Beau Willimon'un Farragut North isimli oyunundan yazarın kendisi, Grant Heslov ve Clooney tarafından senaryoya uyarlanan film Clooney'nin yönetmen olarak dördüncü uzun metraj filmi.
Amerika'nın en son Obama'yla yaşadığı ve aslında neredeyse her yerde tüm seçimlerde yaşanan hayalkırıklığını, bu oyunun oynanma şekliyle olduğu kadar bundan başka kazanma yolunun da olmamasıyla açıklıyor film. Hikayede odaklanılan ana olaylar meydana gelip gelişirken arka planda sürekli olarak kampanya dahilinde yapılan ve bolca "demokrasi, özgürlük, dürüstlük, ileri, gelecek" gibi sözcük ve kavramları içeren konuşmaların asansör müziği tavrı ve tadında sunulmuş olması da bence filmi güzelleştiren en önemli detaylardan birisi. Ve tabi sadece birisinin bile bir filmde oynuyor olması benim için o filmi izleme nedeniyken bu oyuncuların bir araya geldiği bir filmi izlemeye olumlu bir önyargıyla başlamam gayet normal sanırım. Ha elbette çok önemli oyuncuların bir araya gelmesiyle çekilen çok kötü filmlere verilebilecek örnekler gayet fazla ancak burada başlıbaşına Philip Seymour Hoffman ve Paul Giamatti ikilisi yeter zaten. Yanlarında da Evan Rachel Wood -gibi bir güzellik-, Marisa Tomei, Jeffrey Wright, Ryan Gosling ve -dünya genelinde daha çok yakışıklılığıyla, Amerika'daysa bunun yanında bir de siyasi tavrıyla daha fazla öne çıkıyor olsa da oyunculuğu adına yorum yapmaya gerek olmayan- George Clooney olunca o klişe güçlü oyuncu kadrosu tabiri ortaya çıkıyor. Sonuç olarak The Ides of March, bir önseçimin arkaplanı aracılığıyla politika ve tahmin edilebilir kokuşmuşluğunu konu edinen sürükleyici ve güzel bir film. Aynı zamanda son yıllarda gördüğüm en güzel film afişlerinden birine sahip olduğunu da eklemeliyim.

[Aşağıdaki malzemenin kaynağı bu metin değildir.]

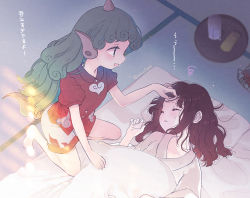 Rule 34 | 2girls, alternate costume, barefoot, bathrobe, biyon, blush, brown hair, buttons, closed eyes, collared shirt, commentary, cup, floor, futon, glass, green eyes, green hair, grey bathrobe, hair between eyes, hair ornament, hair tubes, hakurei reimu, hand on another&#039;s head, hand up, horns, indoors, komano aunn, light, long sleeves, looking at another, looking down, lying, multiple girls, no headwear, on back, open mouth, pillow, red shirt, seiza, shadow, shirt, short hair, short sleeves, shorts, sitting, sleeping, smile, sunlight, sweat, sweatdrop, symbol-only commentary, touhou, translation request, twitter username, water, white shorts, wide sleeves, yunomi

- Bu saçmalığa gerçekten de inanıyorsun, tüm bu ülkeyi kurtarma fikrine.
- Ida, ben saf değilim, tamam mı? Birçok insanın 40 yaşına kadar ulaşacağı kampanya sayısından daha çok kampanyada çalıştım. Sana söylüyorum: İşte bu o!
- Bu fikre saplantı yaptın değil mi?
- Aynen öyle. Bundan gayet memnunum ayrıca. Bak; anketlerde önde gidiyor olması veya gerekli ekipmana sahip olup olmadığı umrumda değil. Gerçek şu ki; insanların hayatlarında hakikaten değişiklik yapabilecek tek kişi o. Ondan nefret edenler için bile. Mike Morris'in başkan olmasının kendisinden çok bizim için önemi var. Kazanamayacağı düşüncesi sikimde değil; kazanmak zorunda.

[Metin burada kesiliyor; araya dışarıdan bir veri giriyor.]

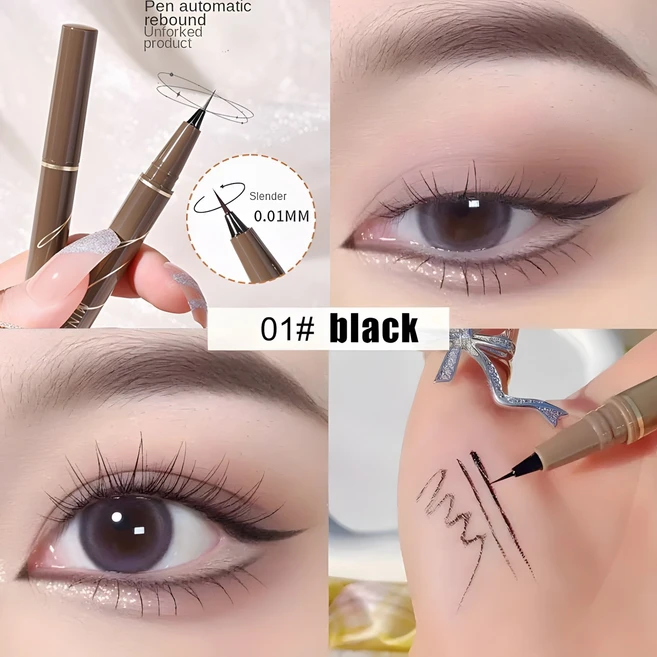 라이너 0.01mm 울트라 슬림 액상 펜 엑스트라 눈썹 방수 전문 땀 방지 연필 론, [02] Color01Black, 1개 - 쿠팡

- Yoksa n'olur? Dünya alt üst mü olur? Hiçbir önemi olmaz. Zerre kadar. Sabah kalkıp işe giden, yemek yiyip uyuyan kimsenin hayatında hiçbir değişiklik olmaz. Yine işlerine giderler. Senin adamın kazanırsa Beyaz Saray'da bir işin olur. Kaybederse, K Caddesi'ndeki bir danışmanlık firmasına dönersin. Bu kadar! Bu adam için bu kadar heyecanlanmadan önce bunları bilirdin. Mike Morris bir politikacı. İyi, hoş biri. Hepsi öyledir zaten! Seni hayal kırıklığına uğratacak. Er ya da geç.